Supplied material below:

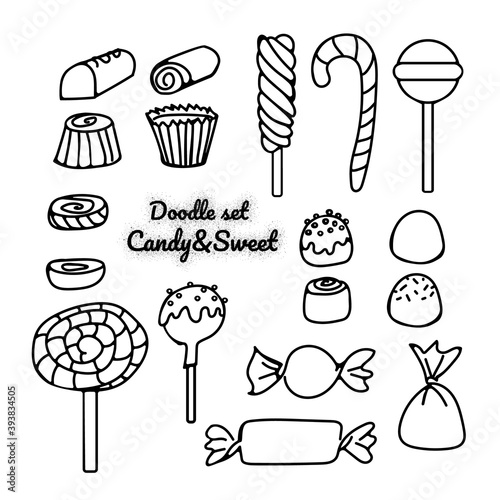 Set of black Doodle candies: caramel, chocolate candies, dragees, caramel on a stick, candy wrappers . Vector illustration in sketch style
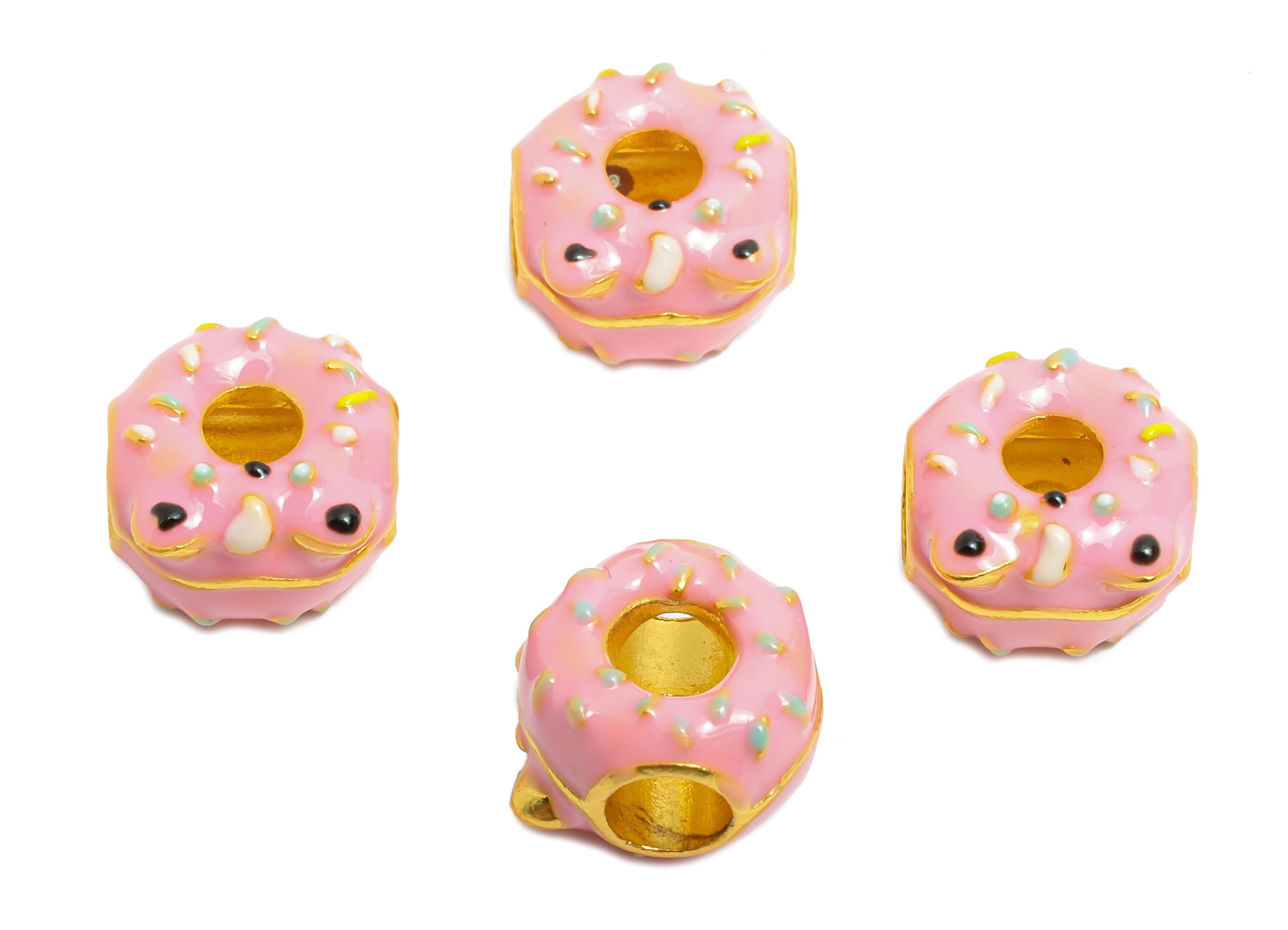 Alloy Cat Donut Bead - Enamel Dount Charm for Bracelet - Cute Colorful Sprinkle Donut Bead - Frosted Donut Jewelry Bead - 11x11x8mm - ZZ2062 - DOMEDBAZAAR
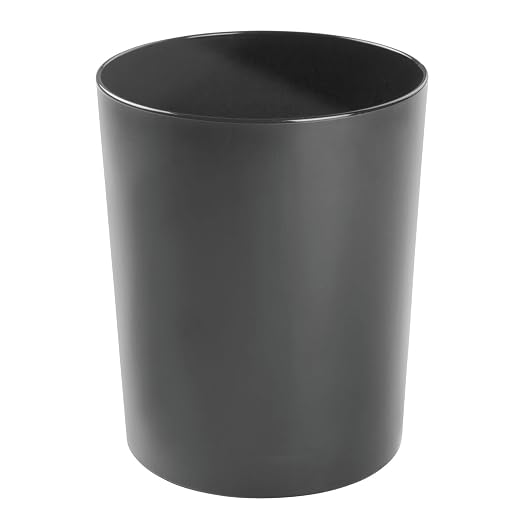 mDesign Round Metal Small 1.7 Gallon Recycle Trash Can Wastebasket, Garbage - Image 6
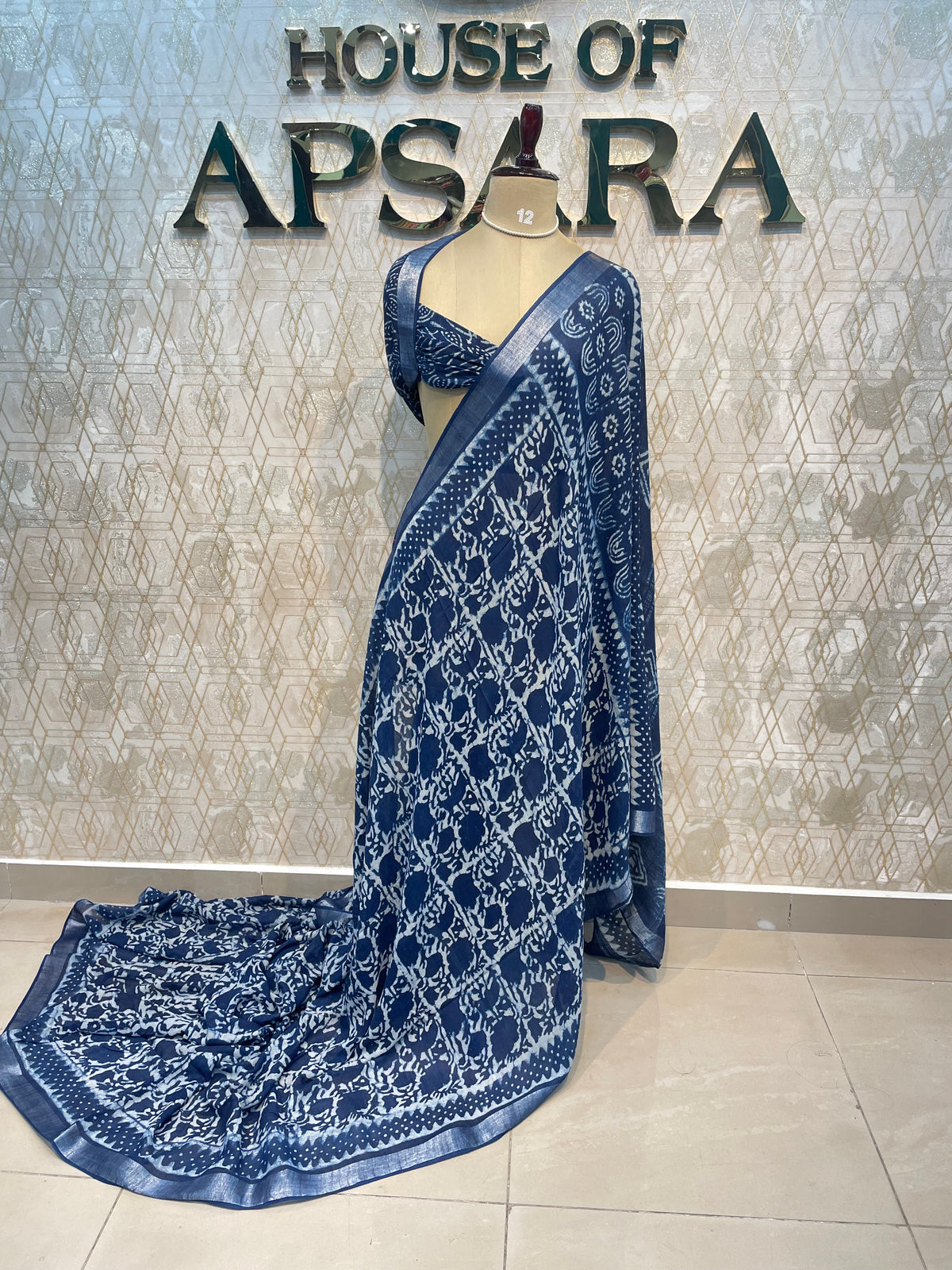 Navy Blue Batik Print Lenin Saree 67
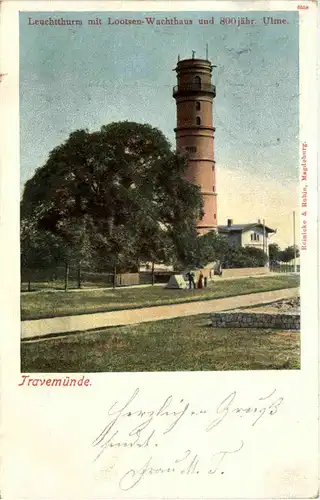 Travemünde, Leuchttutm mit Lootsen-Wachthaus und 800 Jähr. Ulme -528624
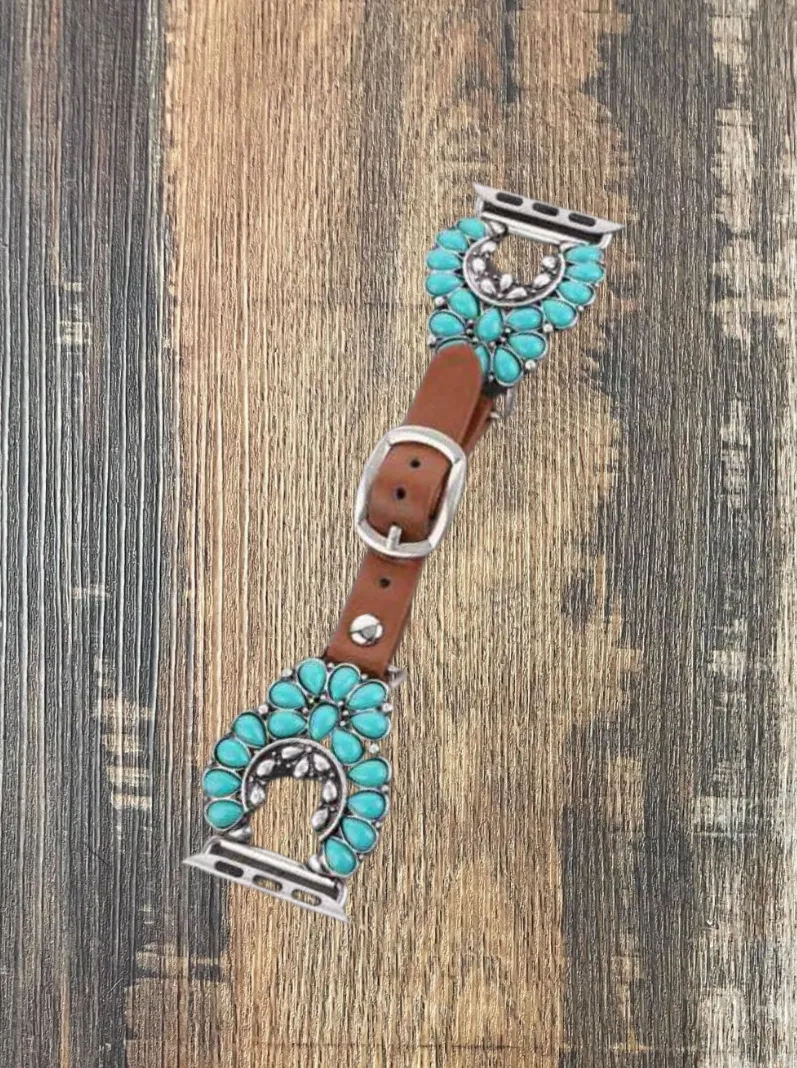 Concho Apple Watch Bands - Turquoise Squash Blossom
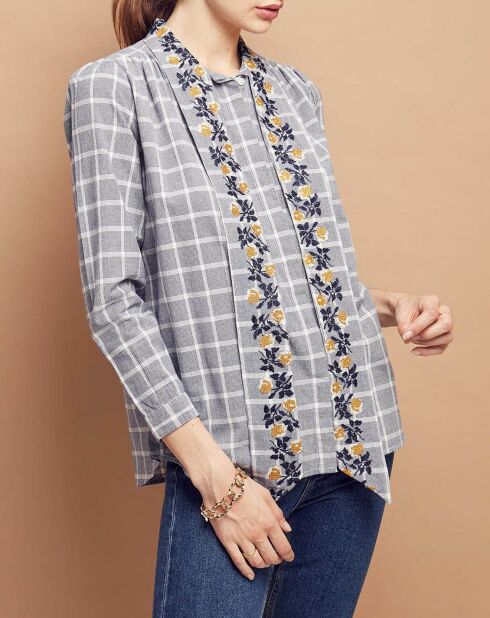Chemise Florencia en Coton à carreaux blanc/marine
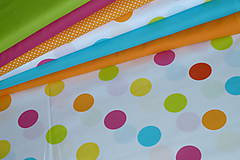 Textil - Látka Veľké bodky farebné a Pokreslený zošit - 11065072_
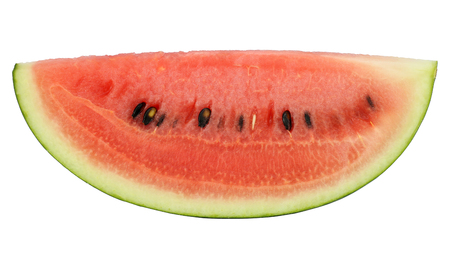 Sliced ripe watermelon isolated on white backgroundの写真素材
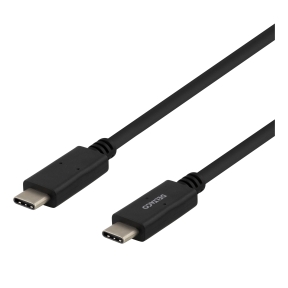 Deltaco Ladekabel USB-C til USB-C, 1 m, svart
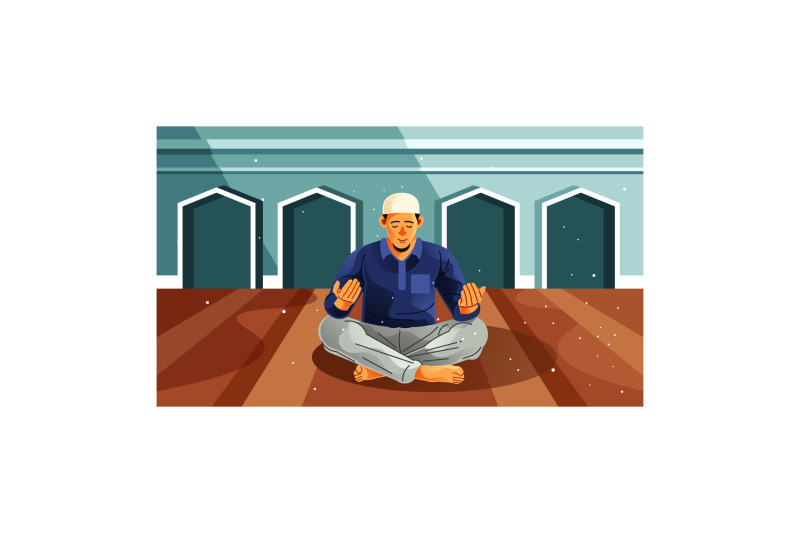 muslim-worshipping-in-the-mosque-illustration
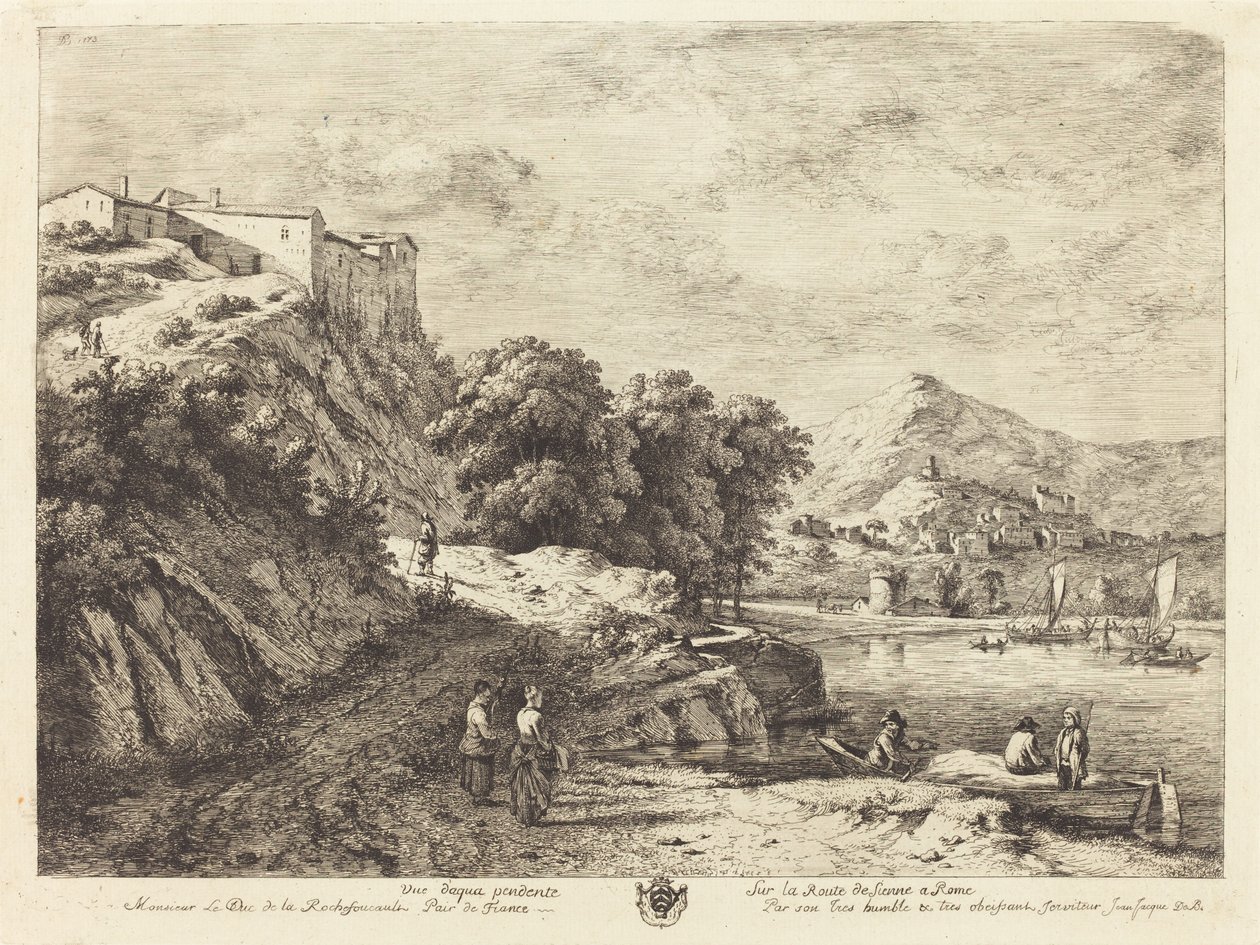 Ansicht von Aqua Pendente auf der Straße von Siena nach Rom von Jean Jacques de Boissieu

End of Supplied material.

Please copy every record above exactly, but leave the pictures out.

 Set of black Doodle candies: caramel, chocolate candies, dragees, caramel on a stick, candy wrappers . Vector illustration in sketch style
 Alloy Cat Donut Bead - Enamel Dount Charm for Bracelet - Cute Colorful Sprinkle Donut Bead - Frosted Donut Jewelry Bead - 11x11x8mm - ZZ2062 - DOMEDBAZAAR
 mDesign Round Metal Small 1.7 Gallon Recycle Trash Can Wastebasket, Garbage - Image 6
 Navy Blue Batik Print Lenin Saree 67
 Travemünde, Leuchttutm mit Lootsen-Wachthaus und 800 Jähr. Ulme -528624
 Concho Apple Watch Bands - Turquoise Squash Blossom
Chemise Florencia en Coton à carreaux blanc/marine
 Textil - Látka Veľké bodky farebné a Pokreslený zošit - 11065072_
 Sliced ripe watermelon isolated on white backgroundの写真素材
 Deltaco Ladekabel USB-C til USB-C, 1 m, svart
 muslim-worshipping-in-the-mosque-illustration
 Ansicht von Aqua Pendente auf der Straße von Siena nach Rom von Jean Jacques de Boissieu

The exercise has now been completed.